Abysmal Existing Home Sales Fuels Talk of Double Dip
A report from the National Association of Realtors Tuesday showed existing home sales in July plummeted a whopping 27 percent from June, while unsold inventory rose by an even bigger 40 percent to its highest level in more than a decade. The annual rate of sales for the month is the lowest it’s been in 15 years. A spokesman for the NAR secribed the housing market’s horrible mid-summer performance, which affected all four regions of the US, as a pause. Analysts had predicted a drop-off, in response to the expiration of homebuyer tax credits; but their average prediction of a 14 percent drop fell way short of the news delivered Tuesday. In addition to analysts predictions, a drop in sales was also expected because of a drop of 30 percent in May in pending home sales. That was created by the April 30th deadline for buyers to qualify for federal tax credits. Analysts claim that with all the data that has come in, it is becoming apparent that the federal tax credits for homebuyers accomplished nothing more than prompting buyers who would’ve eventually bought a home anyway to buy sooner. Critics have called the program just another example of the government wating tax dollars on ineffective stimulus programs.

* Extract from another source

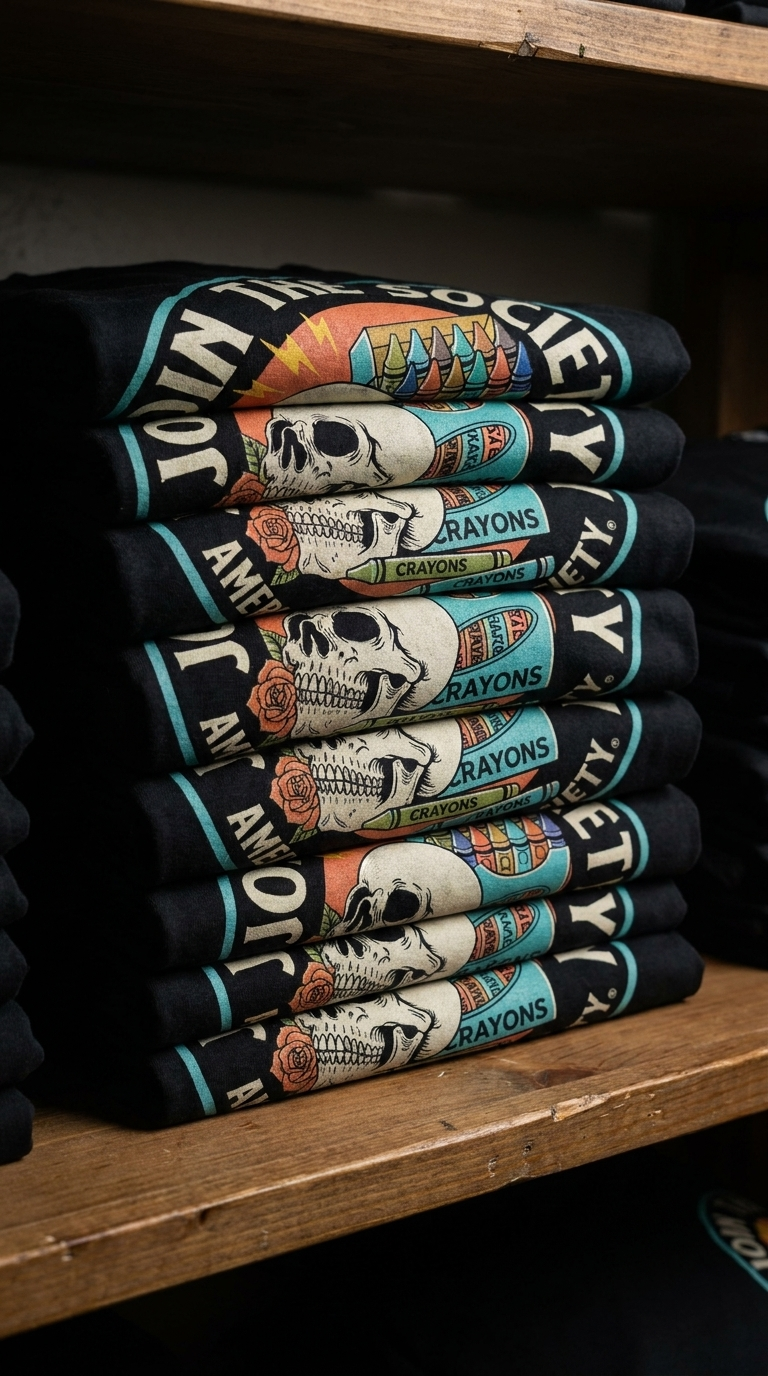 Join the Society Crayon Eaters - Crayon Conflict - American Tattoo Society Sleeve T-Shirt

The most startling part of the July existing home sales report is that the numbers are more bleak than anything experienced during the Great Recession, when the US economy was declining by more than 6 percent per year. The lowest annual rate of sales during that time was about 4.5 million, significantly higher than the 3.8 million annual rate reached in July. Also, the monthly drop in June affected all four regions of the country, dropping 35 percent in the Midwest, 30 percent in the Northeast, 25 percent in the West, and 23 percent in the South. Unsold inventory, meanwhile, soared from an 8.9 month supply in June to a staggering 12.5 month supply. Compared to last year, sales were down 26 percent. Surprisingly, in spite of an overwhelming decrease in demand, the national average median price for homes actually rose slightly to $182,500.
Pessimistic housing analysts are using the bleak existing home sales as evidence of several of their mantras. They believe the housing sector has not yet hit bottom and that time may be further away than most people think. They are also claiming that with existing home sales below Great Recession levels, we have either already entered or are about to enter another recession. And critics of government stimulus programs say the data proves that the programs have not helped and the situation is not any better because of them.